If your micromouse acceleration is very high, the front end will want to lift due to reaction torque. Two wheel mice lose traction as the back end presses down on the floor. Four wheel mice should perform better. But what if you accelerate really hard?
I knew that Decimus 5alpha would lift on acceleration. It also dips when decelerating. Deceleration is limited to 8m/s/s specifically to try and prevent the front end hitting the ground and possibly catching on any joins in the maze floor. I didn’t really know how it behaved when accelerating. The back is quite short so I assumed it could never lift so much that the back would touch the floor.
Tell tale signs:
Then I noticed that the PCB was worn at the back:
Looks like it rubs on the floor.
For some time, I have been trying to get my motor controller to work as well as possible. Generally, I am very pleased with the result but one feature in particular had been bothering me. Here is a plot of the set speed and actual speed for a simple profile.

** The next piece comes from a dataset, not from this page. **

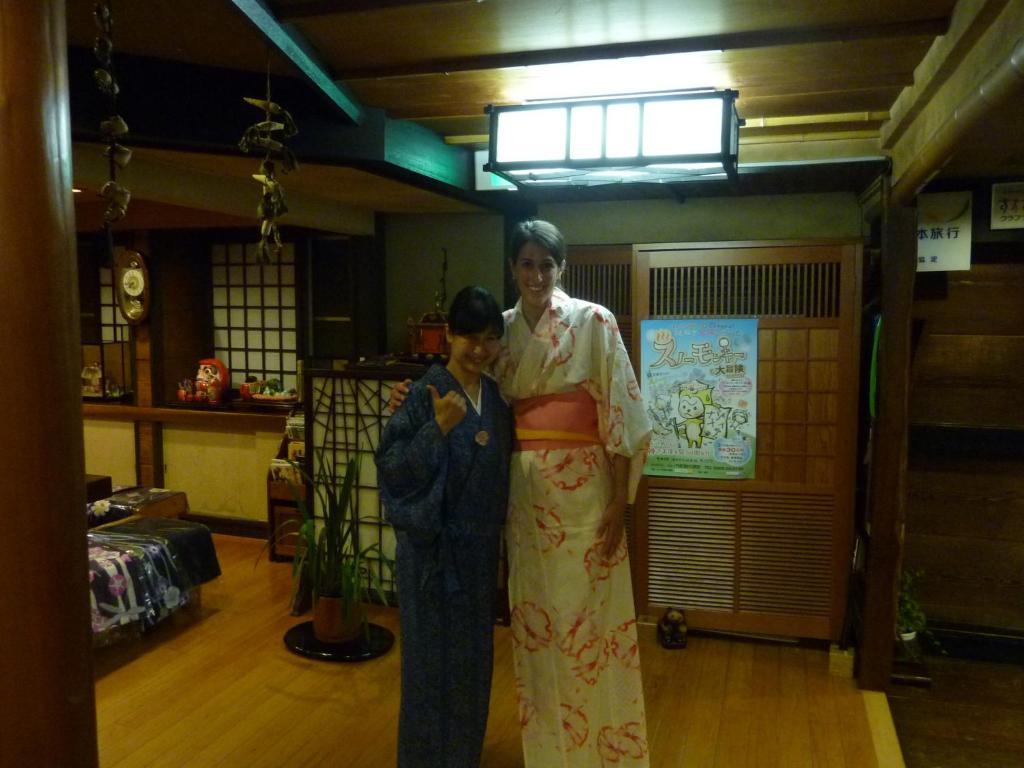 Senshinkan Matsuya Яманути Экстерьер фото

Ignore the mess when braking – the feedforward controller is getting some attention. When you are done admiring the accuracy with which most of the profile tracks, focus on the end of the acceleration phase. The mouse actual speed overshoots badly and takes nearly 100ms to settle down. I thought this was something about the controller and the sudden step changes in feedforward values when acceleration finishes. It is not.

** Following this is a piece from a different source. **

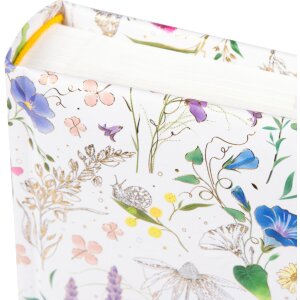 Goldbuch álbum de fotos Prado de verano blanco 25x25 cm 60 páginas blancas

Video evidence of acceleration effects
This morning, I dug out my camera and took a video of the acceleration phase of the profile. The camera can do 240fps at pretty poor resolution and I need more light. I then slowed the video down by 10x.

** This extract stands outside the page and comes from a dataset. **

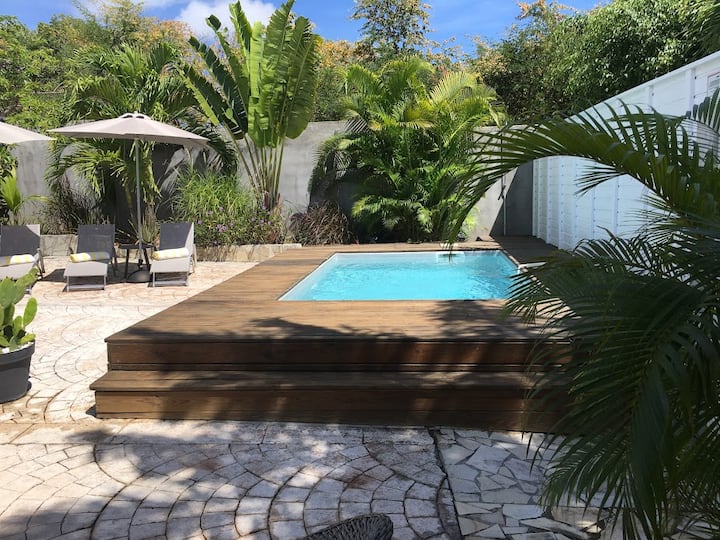 Villa Citronnelle with pool - Villas for Rent in Saint-François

Now you can clearly see the front lift. It is stopped by the back end of the mouse hitting the floor. Acceleration takes place over 75mm of travel and then the front crashes back to earth. The tyres are bouncy so first, the back end lifts and then the whole mouse takes off. That is when the motors, having no resistance, rush on and I get the overshoot. When it touches down again, the motors are briefly braked, the apparent speed drops and the controller goes crazy trying to work out what to do.
Now, at last, I understand what is going on with the controller. I also know why I have to limit forward acceleration to about 13m/s/s or I start to see significant errors. And, as if evidence were needed, I see clearly one way in which a suction fan will help.
Without a fan, more complex profiles will mitigate the bouncing. I really must look into getting a better high-speed camera.